"Ningún amante ha estudiado cada capricho de su amada como lo hice yo con los del presidente Rooselvelt", decía Churchill de sus esfuerzos para implicar a los Estados Unidos en la guerra. Churchill voló 170.000 kilómetros durante la guerra, la mayoría de las veces en bombareros reconvertidos, sin calefacción y sin presurizar, a menudo bajo la amenaza de los cazas enemigos. Cuando alguien bromeó con que Rooselvelt, Stalin y Churchill parecían la Santísima Trimidad, Stalin añadía que el primer ministro británico sería en ese caso el Espíritu Santo, por lo mucho que volaba. Un elogio de alguien que tenía pánico a volar.
Los rusos controlaban en febrero de 1945 gran parte de Europa del Este y no podían ser expulsados salvo por la fuerza. Así que lo sorprendente no era que podían conceder Churchill y Rooselvelt a Stalin, que había conseguido por sí mismo todas sus aspiraciones, sino que pudieran cooperar en igualdad de condiciones con el mandatario ruso en la liquidación de la Alemania nazi.
Los diplomáticos aliados occidentales no tenían acceso a la población soviética y apenas veían a Stalin, mientras que su ministro de Asuntos Exteriores, Molotov, recibió el mas que merecido apodo de Mister Niet.

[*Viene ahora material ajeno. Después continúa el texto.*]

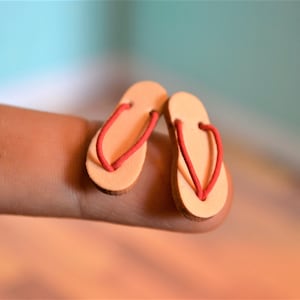 Puppenhaus Miniatur Schuhe Sandale Slipper 1:12 handgefertigte Strand Flip Flop 1/12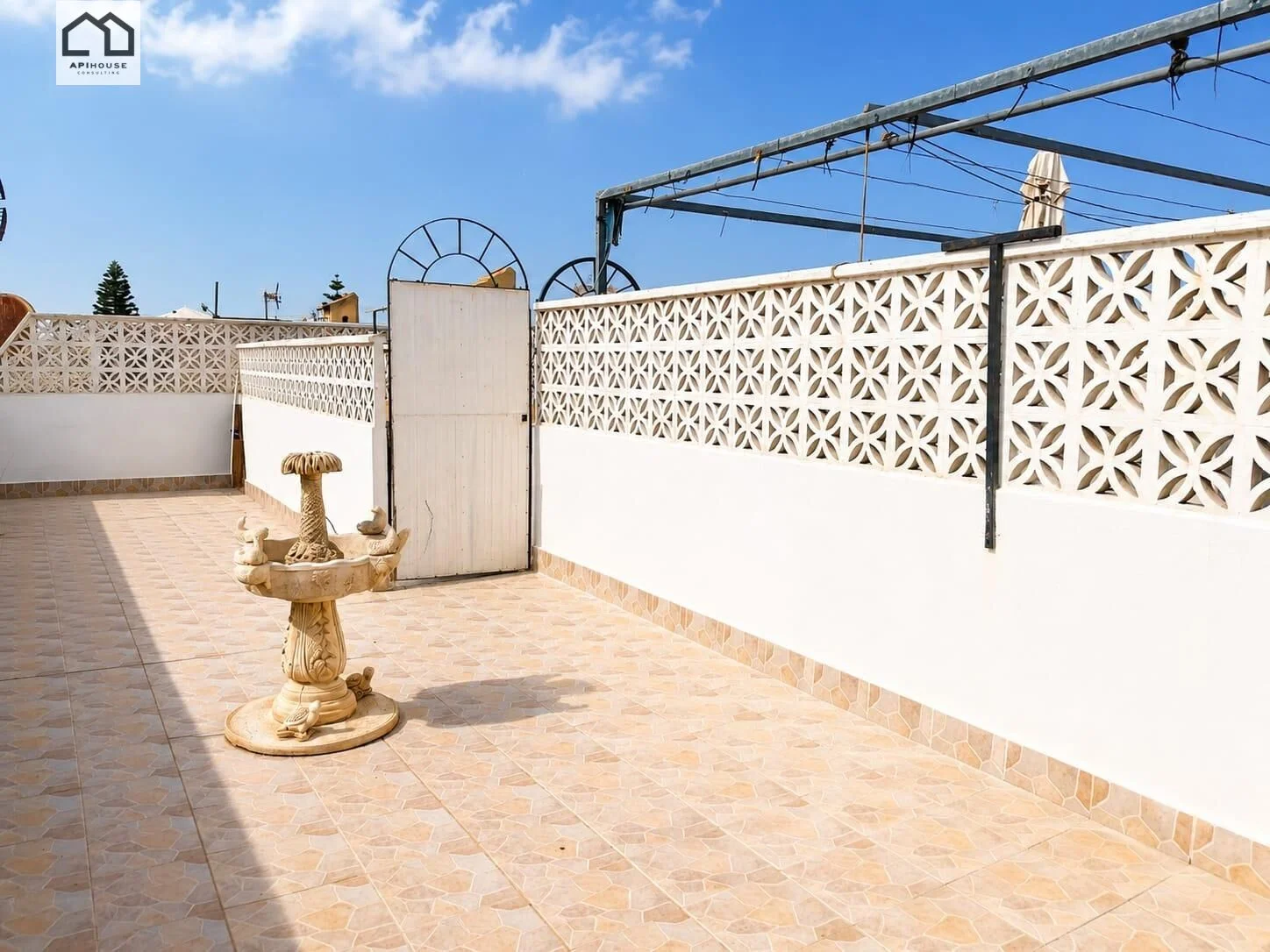 Central Torrevieja penthouse with solarium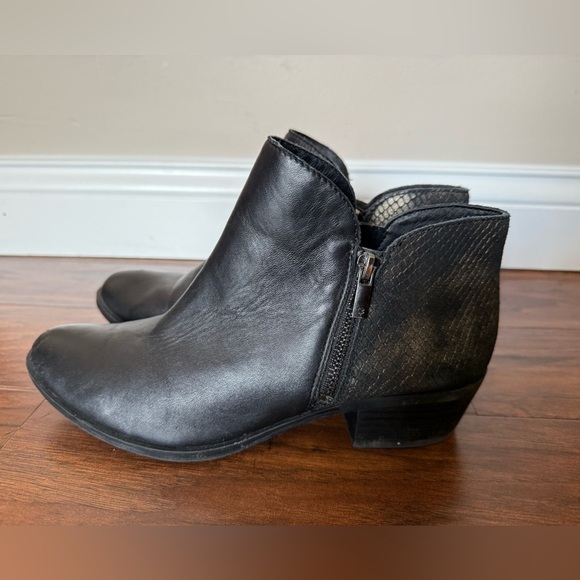 Lucky Brand Black Ankle Boots with Snakeskin Detail-Size 8.5 - Picture 9 of 14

A pesar de que Stalin había matado mediante purgas a miles de cuidadanos soviéticos, Churchill escribió entre sus notas que parecía "un campesino al que se podía manejar". Como descubriría pronto, Stalin era un irónico y sabio negociador político que tenía los comentarios y observaciones adecuados para el momento preciso.
La conferencia de Yalta de febrero de 1945 fue visto como un reparto de zonas de influencia en Europa por parte de las potencias vencedoras y como una forma de apaciguamiento cobarde ante Stalin, al que se le entregó sin más el destino de miles de personas en Europa del este.